Monday, July 26, 2010

Privacy in Wonderland: We all wonder where it went

Shirley Sherrod could bring a libel suit against her tormentor.
She suffered loss of reputation. She suffered job loss. She suffered.
The African-American civil servant in the Georgia office of the U.S. Agriculture Department started a perfectly ordinary week in wonderful anonymity.
But she tumbled into the blogosphere as innocently as Alice assailed by a Mad Hatter and the madding crowd of the right wing wonderland.
Then she emerged with an apology from President Obama, a better job offer from Ag Secretary Vilsack and vilification as racist turned on its head into stoic civil-sainthood.
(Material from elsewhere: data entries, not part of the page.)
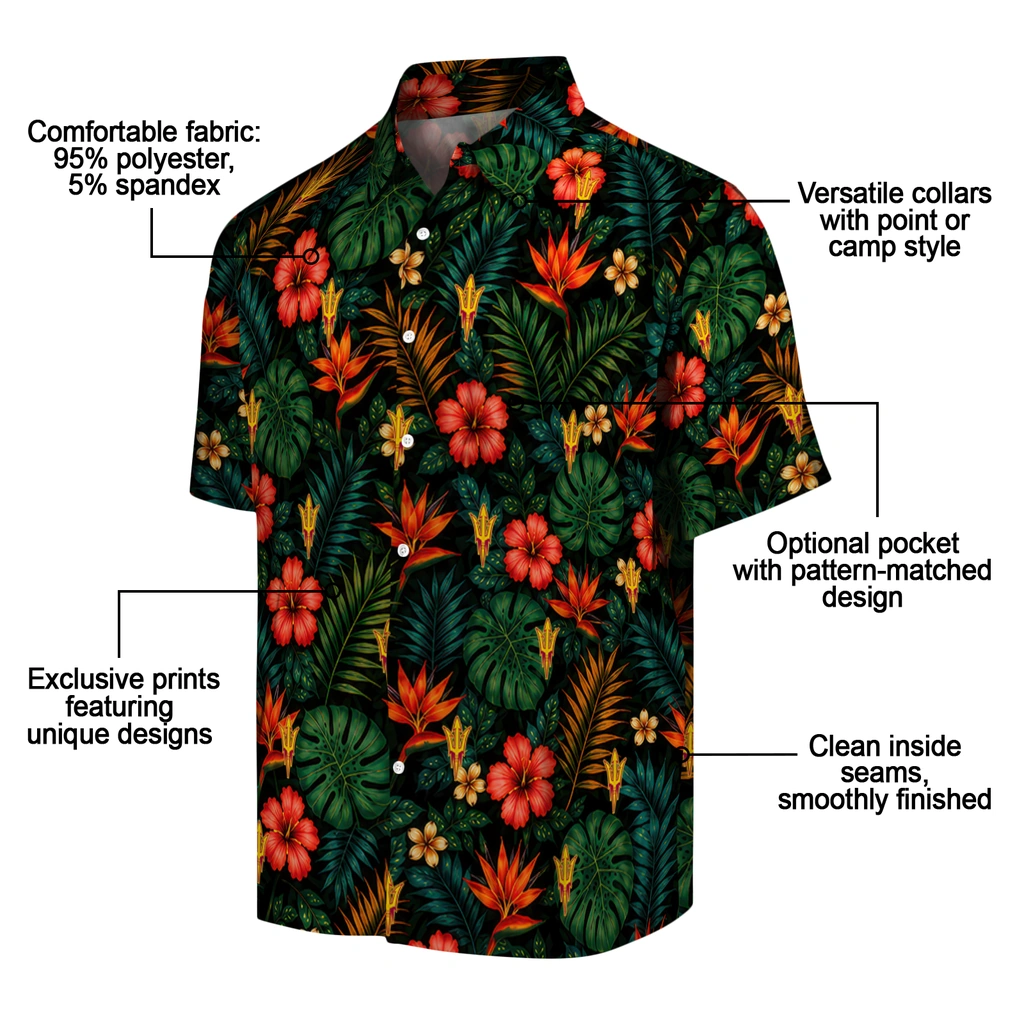 Arizona State Sun Devils Hawaiian Shirt - Custom Dark Green Arizona State Sun Devils Hawaiian Shirt - Custom Dark Green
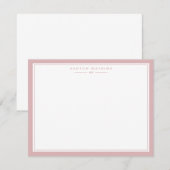 Carte de note à cadre rose tendre (Devant / Derrière)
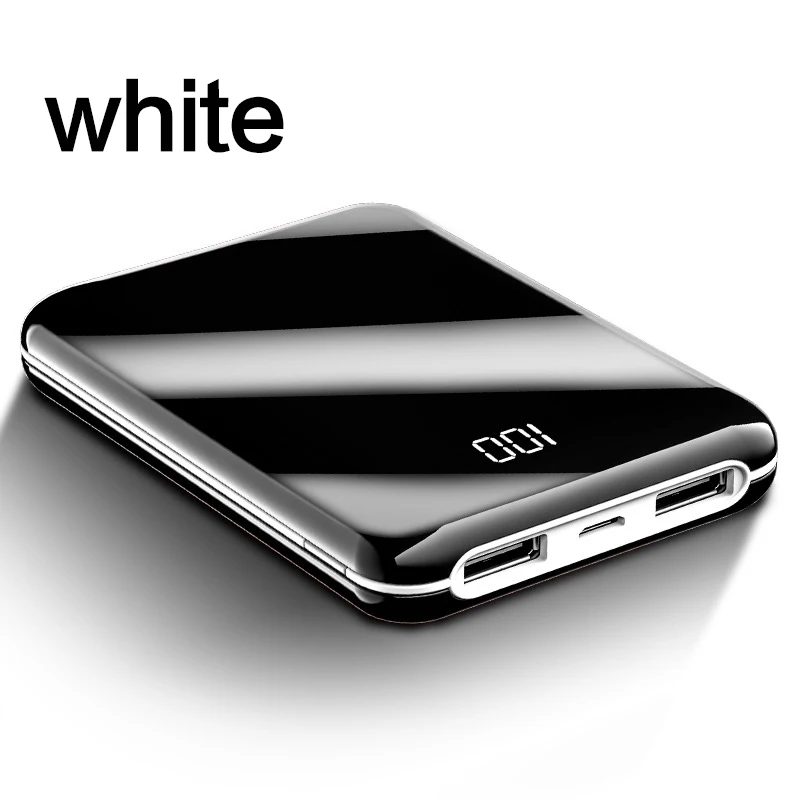 20000 мАч портативный mi ni power Bank быстрое зарядное устройство повербанк mi rror экран Внешний аккумулятор для iPhone Xiaomi mi ni power bank - Цвет: Белый
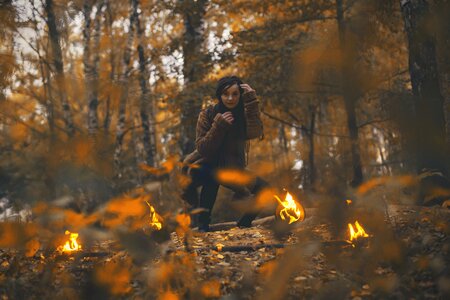 Girl twilight forest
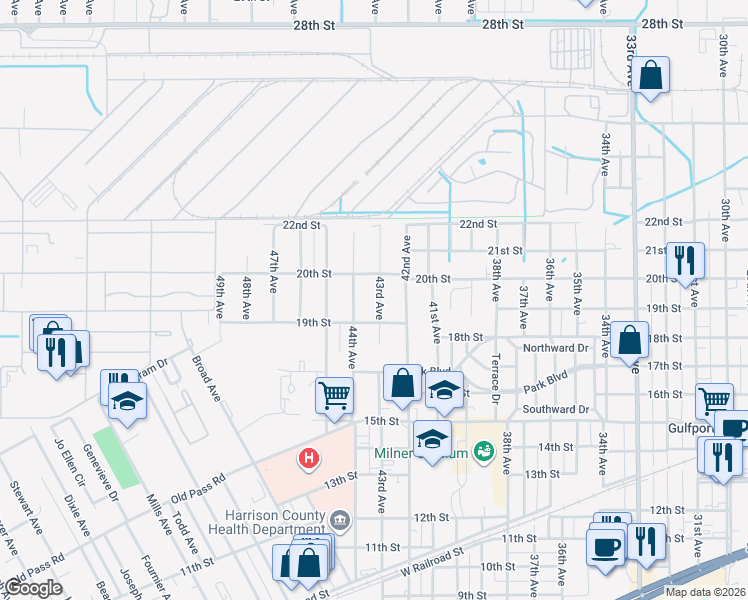 map of restaurants, bars, coffee shops, grocery stores, and more near 1906 44th Avenue in Gulfport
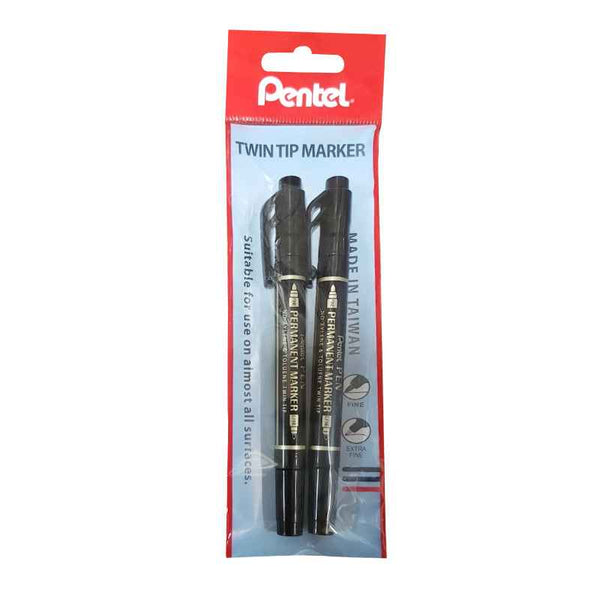 Pentel Twin Tip Marker Black Set of 2 PE-N75W-02A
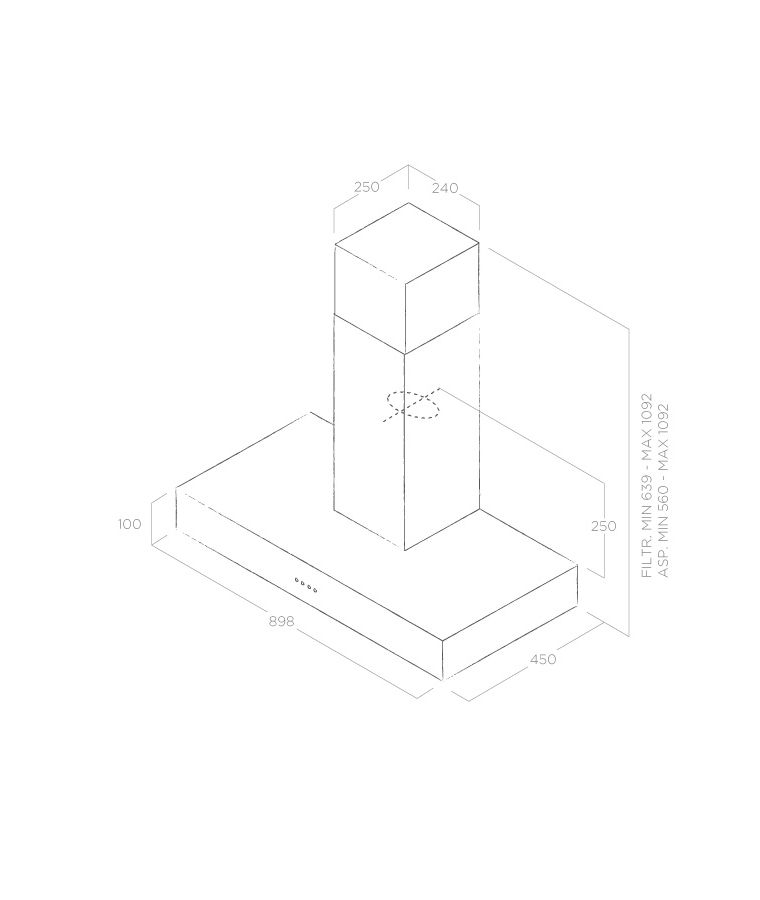 Elica Spot URBAN CAST IRON/A/90 Габаритные размеры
She was never the person portrayed by a blogger.
No wonder there's talk of libel.
The whole case presents itself as a study in the politics of vilification abetted by the digital speed of the modern communication mode measured more by moments than calm reason.
Too many tick-tock white rabbits running down too many media holes.
No wonder lawyer talk is out and about.
A defamation court, however, would have to deal with the fact Ms. Sherrod fell into a Georgia privy but emerged sweet-smelling and clutching the reward of a better job offer and notoriety transformed into celebrity. Where is the damage now? A judge must ask.
How much better for her and for us if she were to bring a privacy suit for being dragged unwilling into false light.
The invasion of her right to keep to herself, do her job and control her own destiny suffered permanent harm. She forever will endure indignity as victim-symbol of quick-trigger misinformation.
Tremble, all you who enter the new world of communication. (That's all of us, if you wonder.)
FOX news and its imitators -- collectively a causative factor in the media climate raining rabid cats and mad dogs all over Shirley Sherrod -- long ago cost us any expectation of fairness and accuracy in public affairs reporting.
Truth is no longer an expectation.
The one comfort any of us might retreat into had been the expectation of privacy: If we were not a public person, "they" couldn't get to us.
The experience of a no-longer-private person in government service shows any of us could suffer the same loss of a basic right.   
"They" can get to a nameless, faceless bureaucrat. "They" can get to any of us.
And who is "they?" Anyone with an Internet connection and a story to bait media attention.
A judicial ruling to counter privacy invasion would do our New Media society far more good than libel damages, if any.
We are all Alice, tip-toeing through the  media mind-field of sinkholes leading to anguish, not tea parties. 

1 comment:

Anonymous said...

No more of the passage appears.